§ What is required:
Set down exactly the lines below, starting at the one that contains "Pot de fleur en résine au" and ending at the one that contains "Krem ochronny Extreme", with both of those lines included and nothing else.

§ Raw data:
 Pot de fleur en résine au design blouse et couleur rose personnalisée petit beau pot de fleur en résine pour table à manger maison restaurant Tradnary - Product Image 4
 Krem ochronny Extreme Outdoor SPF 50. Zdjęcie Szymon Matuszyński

--

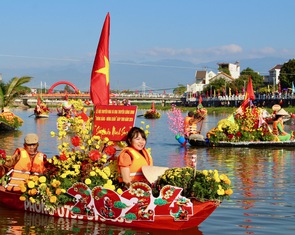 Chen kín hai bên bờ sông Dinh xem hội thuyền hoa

* * *

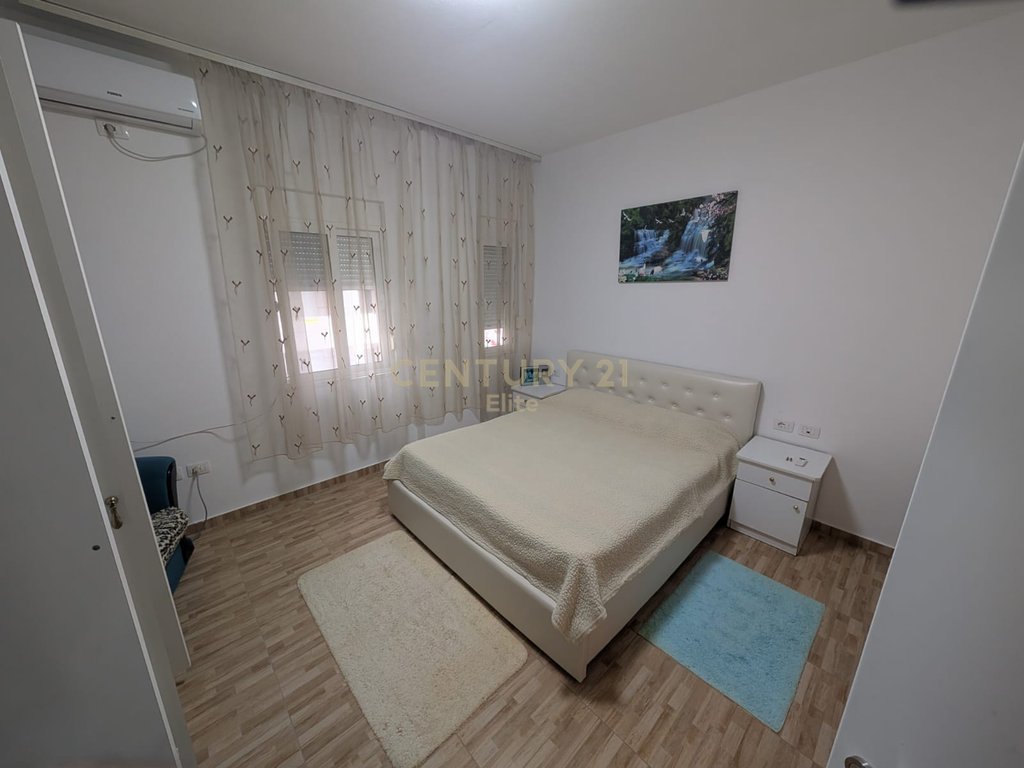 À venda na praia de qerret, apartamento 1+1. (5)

§ Exercise result:
 Pot de fleur en résine au design blouse et couleur rose personnalisée petit beau pot de fleur en résine pour table à manger maison restaurant Tradnary - Product Image 4
 Krem ochronny Extreme Outdoor SPF 50. Zdjęcie Szymon Matuszyński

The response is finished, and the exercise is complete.